Soit le cas d’une diphtongue décroissante ou croissante (cf. § 190) suivie et précédée de consonnes. Ces consonnes peuvent être soit de même qualité palatale ou vélaire soit de qualité contraire.
§ 113. I. Entre deux consonnes palatales. — Diphtongues décroissantes :
äi (ëi), constituée par deux éléments vocaliques d’avant, ne développe donc pas de glide : grʹëimʹ, grʹäimʹ (greim) « bouchée ».
äλⁱ, le deuxième élément, d’arrière, développe un glide : ʃlʹäλⁱnʹ (sleamhain) « glissant ».
Diphtongues croissantes :
iꞏɛ (iɛ), deux éléments d’avant, donc sans glide : fʹiꞏɛnʹ (fiadhain) « sauvage ».

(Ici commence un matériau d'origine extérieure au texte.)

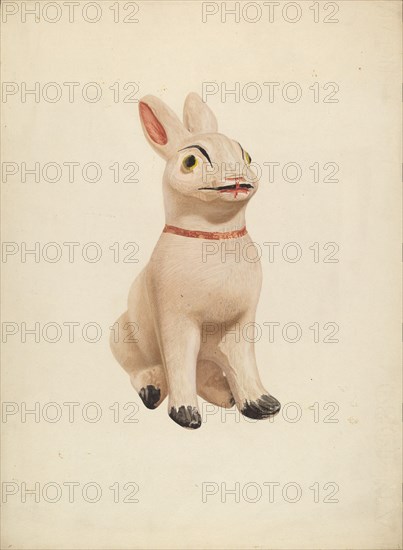 Chalkware Rabbit, c. 1940. Creator: Betty Fuerst.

§ 114. II. Entre deux consonnes vélaires. — Diphtongues décroissantes :
ᴀᴜ (ɔᴜ), deux éléments d’arrière, donc sans glide : pᴀᴜl, pɔᴜl (poll) « trou ».
ᴀɪᵊ, le deuxième élément, d’avant, développe un glide : rᴀɪᵊrk (radharc) « regard ».
Diphtongues croissantes :
ᴜꞏə (ᴜə), deux éléments d’arrière, donc sans glide : kᴜꞏən (cuan) « crique, port ».

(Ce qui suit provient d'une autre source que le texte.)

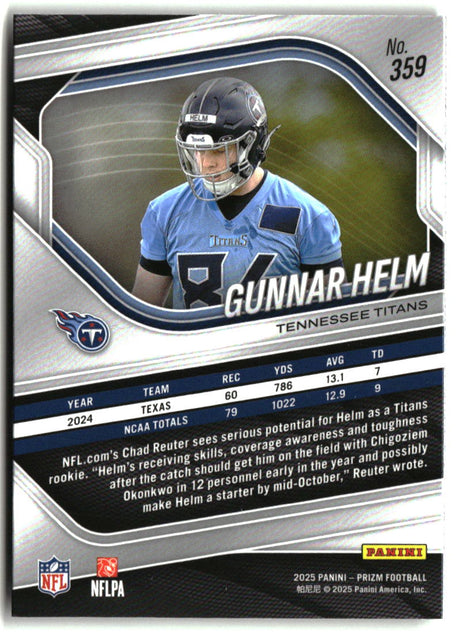 Gunnar Helm 2025 Panini Prizm #359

ɪꞏə (ɪə), le premier élément, d’avant, devrait développer un glide, mais celui-ci est peu net, car cette diphtongue ne se rencontre qu’après r (cf. § 81) rɪꞏəv (riamh) « jamais ».
§ 115. III. Entre consonne vélaire et consonne palatale. — Diphtongues décroissantes :
ai, premier élément d’arrière, deuxième d’avant, donc sans glide : rairʹkʲ (radhairc), gén. de rᴀɪᵊrk (radharc) « regard ».

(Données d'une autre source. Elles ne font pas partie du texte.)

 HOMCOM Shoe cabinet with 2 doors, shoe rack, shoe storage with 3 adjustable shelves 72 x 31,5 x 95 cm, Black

aλⁱ, le deuxième élément, d’arrière, développe un glide : kaλⁱrʹ (cabhair) « secours ».
Diphtongues croissantes :
ᴜꞏɛ (ᴜɛ), premier élément d’arrière, deuxième d’avant, donc sans glide : krᴜꞏɛgʹ (cruaidh) « dur ».
ɪꞏɛ (ɪɛ), même cas que pour ɪꞏə, cf. rɪꞏəlʹ (riaghail) « règle ».
§ 116. IV. Entre consonne palatale et consonne vélaire. — Diphtongues décroissantes :
aᴜ, le premier élément, d’arrière, développe un glide : kʲaᴜn (ceann) « tête ».
äɪᵊ, le deuxième élément, d’avant, développe un glide : lʹäɪᵊb (leadhb) « langue ».
Diphtongues croissantes :
ì꞉a, et iꞏə (iə), premier élément d’avant, deuxième élément d’arrière, donc sans glide : sg̬ʹì꞉an (scéan) « terreur » ; sg̬ʹiꞏən (scian) « couteau ».
Pour λꞏə, rarissime, cf. § 210.
§ 117. On voit que la répartition des nombreuses diphtongues que présente le parler est assez rigoureusement déterminée par la qualité des consonnes avoisinantes pour qu’en une position donnée il n’y ait jamais qu’un petit nombre de variétés, nettement différenciées, qui soit possible.
Cela permet de réduire considérablement le nombre de types caractéristiques à envisager, la plupart des variétés de diphtongues constituant simplement des adaptations de ces types fondamentaux au consonantisme avoisinant. Cette constatation, qui s’impose plus nettement encore en ce qui concerne les diphtongues qu’en ce qui concerne les voyelles (voir le chapitre précédent), doit dominer toute description des diphtongues du parler.